┌──
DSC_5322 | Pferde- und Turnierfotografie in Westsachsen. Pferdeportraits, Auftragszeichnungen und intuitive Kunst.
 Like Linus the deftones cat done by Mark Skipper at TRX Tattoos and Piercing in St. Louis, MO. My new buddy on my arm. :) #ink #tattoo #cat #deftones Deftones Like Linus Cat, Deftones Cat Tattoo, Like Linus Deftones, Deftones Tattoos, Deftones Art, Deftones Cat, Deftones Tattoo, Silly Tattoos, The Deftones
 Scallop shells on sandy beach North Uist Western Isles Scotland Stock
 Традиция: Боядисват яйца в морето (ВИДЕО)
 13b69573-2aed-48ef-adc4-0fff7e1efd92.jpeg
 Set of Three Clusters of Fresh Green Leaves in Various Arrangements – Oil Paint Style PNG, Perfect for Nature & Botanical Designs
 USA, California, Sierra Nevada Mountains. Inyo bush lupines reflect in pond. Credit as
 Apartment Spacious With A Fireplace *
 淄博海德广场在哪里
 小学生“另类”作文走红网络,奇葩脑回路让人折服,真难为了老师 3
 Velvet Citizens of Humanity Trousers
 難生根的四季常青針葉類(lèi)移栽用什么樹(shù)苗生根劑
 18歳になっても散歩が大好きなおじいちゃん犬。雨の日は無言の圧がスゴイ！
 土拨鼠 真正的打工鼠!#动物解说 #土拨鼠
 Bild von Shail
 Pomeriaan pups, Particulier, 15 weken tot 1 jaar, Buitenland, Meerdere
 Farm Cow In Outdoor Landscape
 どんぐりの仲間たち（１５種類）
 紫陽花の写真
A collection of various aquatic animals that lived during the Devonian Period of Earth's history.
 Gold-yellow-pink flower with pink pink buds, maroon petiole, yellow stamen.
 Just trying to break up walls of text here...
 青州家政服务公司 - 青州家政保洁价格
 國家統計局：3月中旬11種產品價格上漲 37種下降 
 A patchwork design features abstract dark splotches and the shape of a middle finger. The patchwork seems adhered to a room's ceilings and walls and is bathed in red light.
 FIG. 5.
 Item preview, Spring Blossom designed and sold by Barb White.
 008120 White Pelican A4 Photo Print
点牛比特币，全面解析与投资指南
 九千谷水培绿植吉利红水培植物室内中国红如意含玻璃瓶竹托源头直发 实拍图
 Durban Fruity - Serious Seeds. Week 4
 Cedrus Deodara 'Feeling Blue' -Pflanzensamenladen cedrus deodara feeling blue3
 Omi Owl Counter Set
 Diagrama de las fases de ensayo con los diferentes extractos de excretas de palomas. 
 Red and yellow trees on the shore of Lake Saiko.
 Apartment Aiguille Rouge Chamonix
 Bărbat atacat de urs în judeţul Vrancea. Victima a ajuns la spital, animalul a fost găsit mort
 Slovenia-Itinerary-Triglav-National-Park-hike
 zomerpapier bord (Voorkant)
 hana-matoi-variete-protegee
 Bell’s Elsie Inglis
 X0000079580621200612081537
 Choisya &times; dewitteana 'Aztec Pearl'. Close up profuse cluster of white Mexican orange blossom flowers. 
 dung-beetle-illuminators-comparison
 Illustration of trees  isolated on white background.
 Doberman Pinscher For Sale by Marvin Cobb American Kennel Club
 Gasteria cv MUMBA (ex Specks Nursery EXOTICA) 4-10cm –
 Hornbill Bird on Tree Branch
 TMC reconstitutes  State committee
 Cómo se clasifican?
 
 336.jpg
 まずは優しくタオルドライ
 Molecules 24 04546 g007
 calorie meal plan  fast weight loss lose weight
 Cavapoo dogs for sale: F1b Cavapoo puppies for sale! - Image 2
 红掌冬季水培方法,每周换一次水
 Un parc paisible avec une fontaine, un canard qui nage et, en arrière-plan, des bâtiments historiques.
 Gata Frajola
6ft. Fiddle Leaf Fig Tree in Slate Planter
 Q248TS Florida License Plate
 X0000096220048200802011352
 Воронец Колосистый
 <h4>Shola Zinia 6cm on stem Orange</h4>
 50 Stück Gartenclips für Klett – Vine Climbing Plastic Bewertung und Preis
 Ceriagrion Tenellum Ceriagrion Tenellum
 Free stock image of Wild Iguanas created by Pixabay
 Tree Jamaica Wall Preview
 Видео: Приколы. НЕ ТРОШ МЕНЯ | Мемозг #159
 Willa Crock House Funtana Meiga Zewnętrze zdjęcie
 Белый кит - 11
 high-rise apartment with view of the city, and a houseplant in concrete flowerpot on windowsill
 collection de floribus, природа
└──
AIM OF THE TASK: Find the lines in the data that hold the word "yellow". Reply with how many there are and nothing more.

RESPONSE TO THIS TASK: 2